English.news.cn   2014-08-07 22:32:14

GENEVA, Aug. 7 (Xinhua) -- No details were revealed at present on Thursday's bilateral talks between U.S. and Iran over Tehran's nuclear issue.

According to the U.S. State Department's announcement, the U.S. negotiators -- led by Deputy Secretary of State Bill Burns and included Under Secretary of State Wendy Sherman -- met with Iranian officials here on Thursday to resume the talks on Iran's nuclear program.

Iranian media reported that Iranian deputy foreign ministers Majid Takht-e Ravanchi and Abbas Araqchi led the Iranian side on the negotiating table, and experts from both countries were also participating in the talks.

These talks were reported to be the first contact between the two sides since the P5+1, comprised of the United States, China, France, Russia, Britain and Germany, and Iran failed to meet the deadline of July 20 to reach a comprehensive agreement, but agreed to extend the talks until Nov. 24.

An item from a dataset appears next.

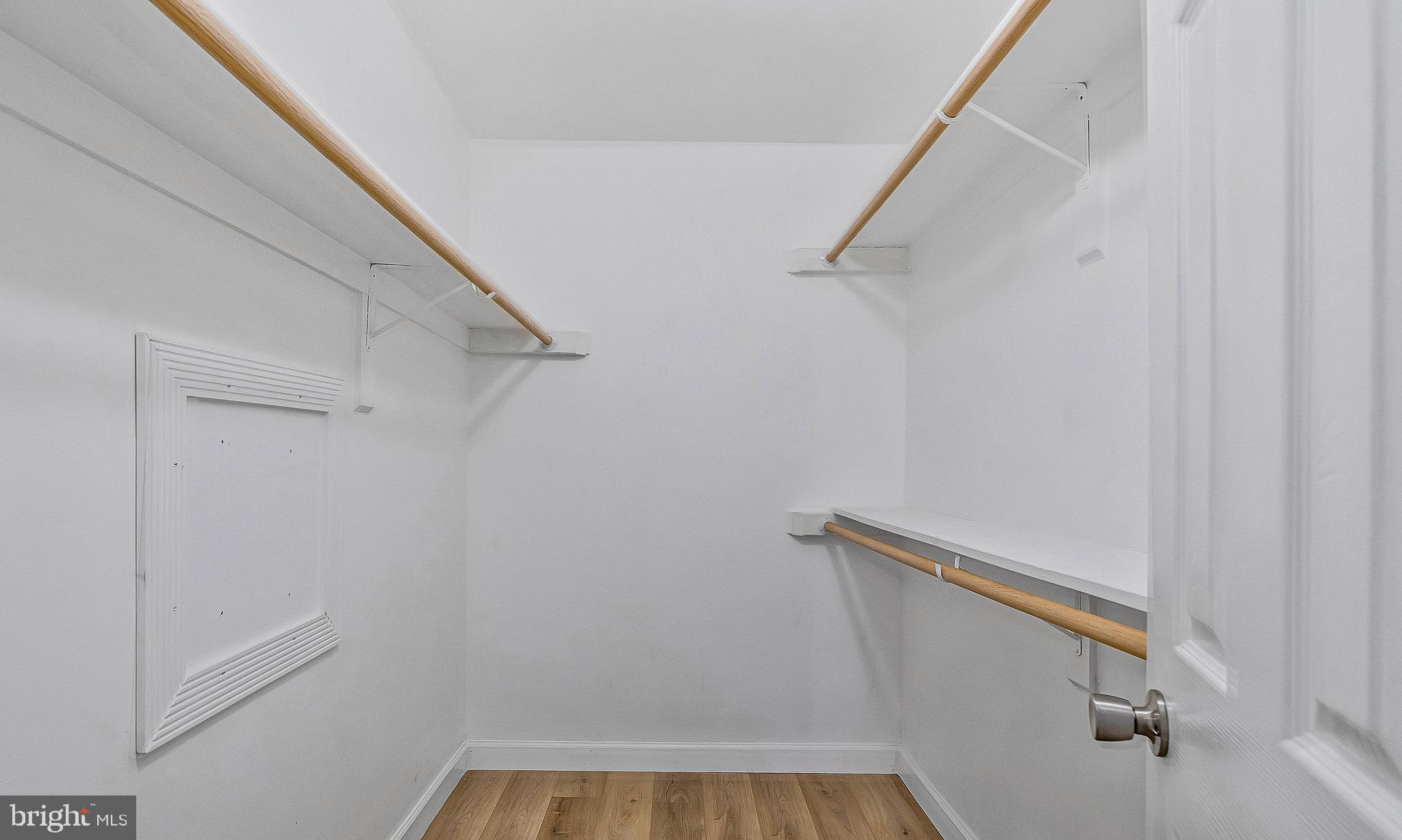 20991 Timber Ridge Terrace, Unit 103 Ashburn, VA 20147 - Photo 22 of 58 a view of small space with racks on the wall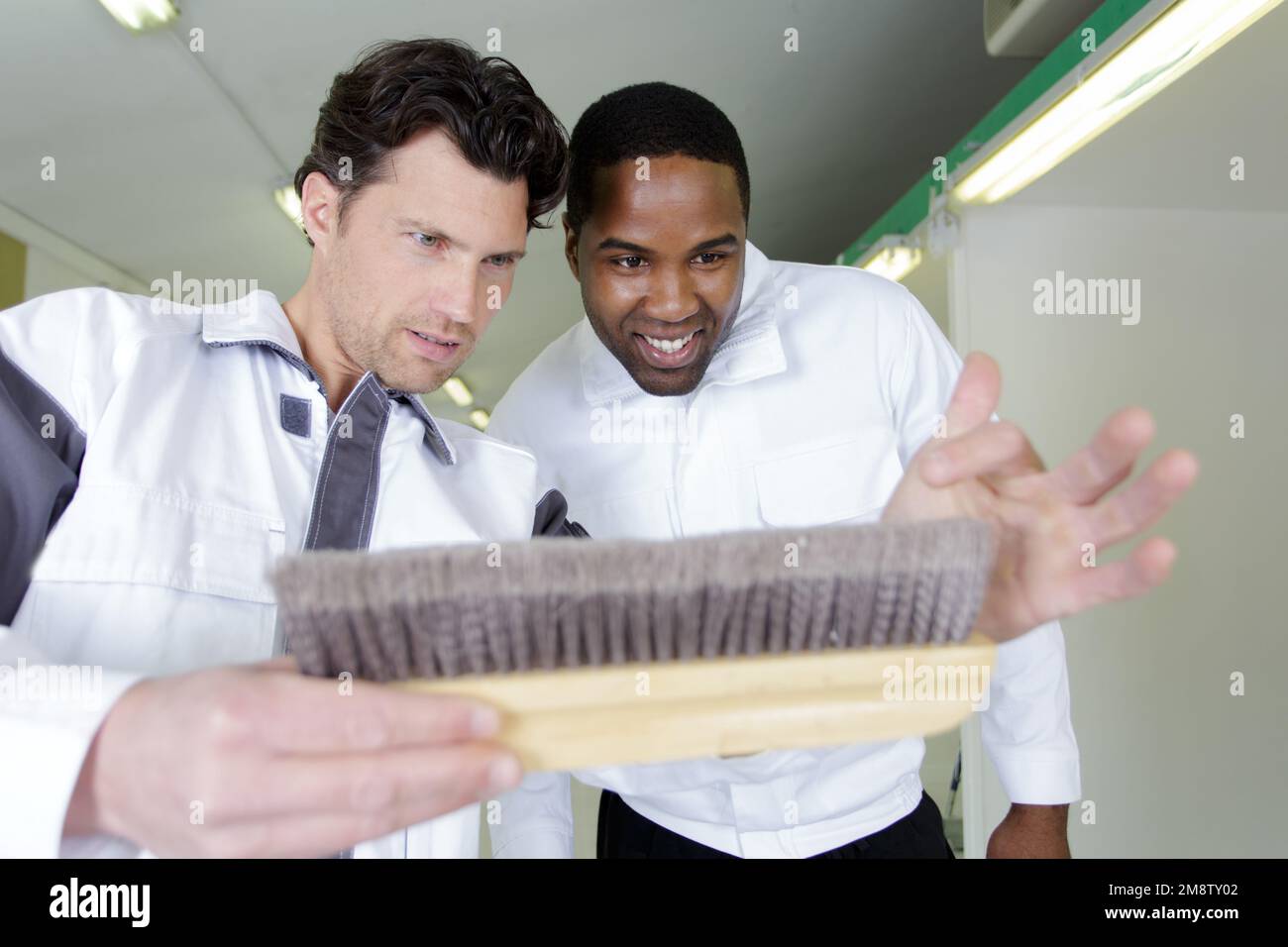 apprentice learning how to paint with a thick brush Stock Photo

Both the U.S. Mission and Iran Mission here in Geneva can not provide confirmed information on the talks.

The U.S. Mission to the United Nations and Other International Organizations in Geneva told Xinhua that to date there were no details such as the duration and gists of talks to be disclosed.

While the Iranian Mission in Geneva told Xinhua that at right now they could not confirm any details of the talks.

According to Iran's state news agency IRNA, an unnamed member of Iran's nuclear negotiating team told IRNA that "the talks are aimed at continuing consultations on the disputed issues and studying ways to make viewpoints closer to each other."

The U.S. and its allies accuse Iran of developing nuclear weapons, but Teheran insists its nuclear programs are solely for civilian use.

Under an interim deal reached between Iran and the P5+1 that went into effect on January 20, Iran would suspend some sensitive nuclear activities in exchange for limited sanction relief, and the two sides would negotiate over a comprehensive deal within six months.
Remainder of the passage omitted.